**EXTRACTED DATA**
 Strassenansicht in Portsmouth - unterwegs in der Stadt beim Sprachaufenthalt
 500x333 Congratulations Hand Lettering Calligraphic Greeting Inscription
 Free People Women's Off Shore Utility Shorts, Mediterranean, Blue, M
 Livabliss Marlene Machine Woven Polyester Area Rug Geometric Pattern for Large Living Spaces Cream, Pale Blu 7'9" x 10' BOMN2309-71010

* * *

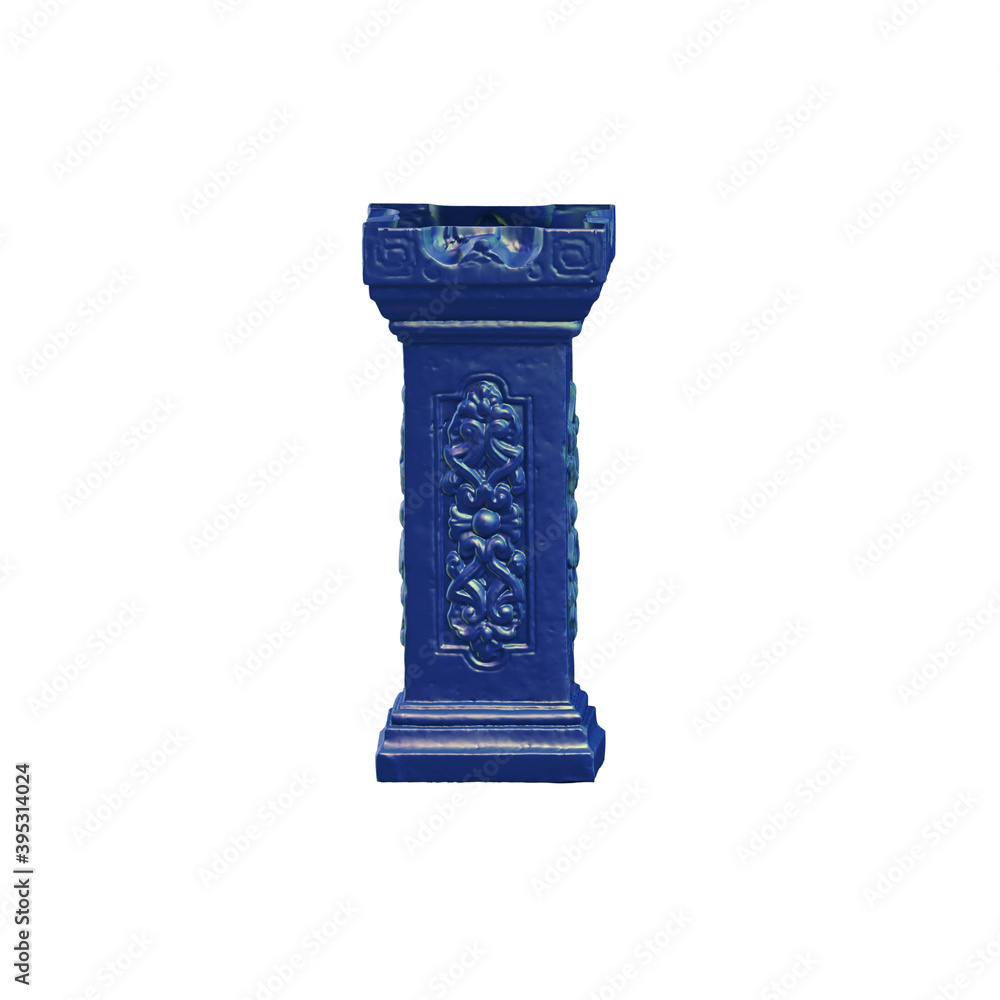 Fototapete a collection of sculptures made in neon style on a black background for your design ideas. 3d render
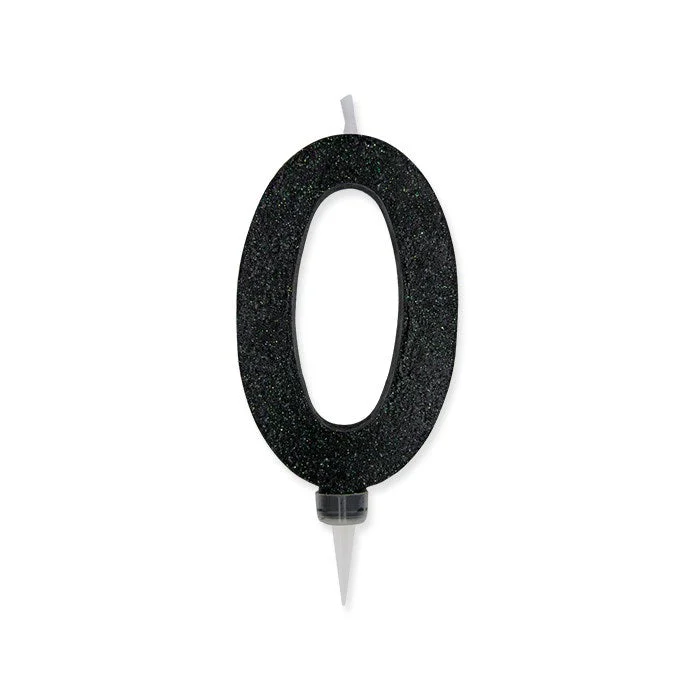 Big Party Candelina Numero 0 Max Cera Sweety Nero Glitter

**ABOUT THIS TASK**
For the entries above, print exactly the lines between the one with "Fototapete a collection" and the one with "Big Party Candelina", inclusive, with no pictures.

**TASK SOLUTION**
 Fototapete a collection of sculptures made in neon style on a black background for your design ideas. 3d render
 Big Party Candelina Numero 0 Max Cera Sweety Nero Glitter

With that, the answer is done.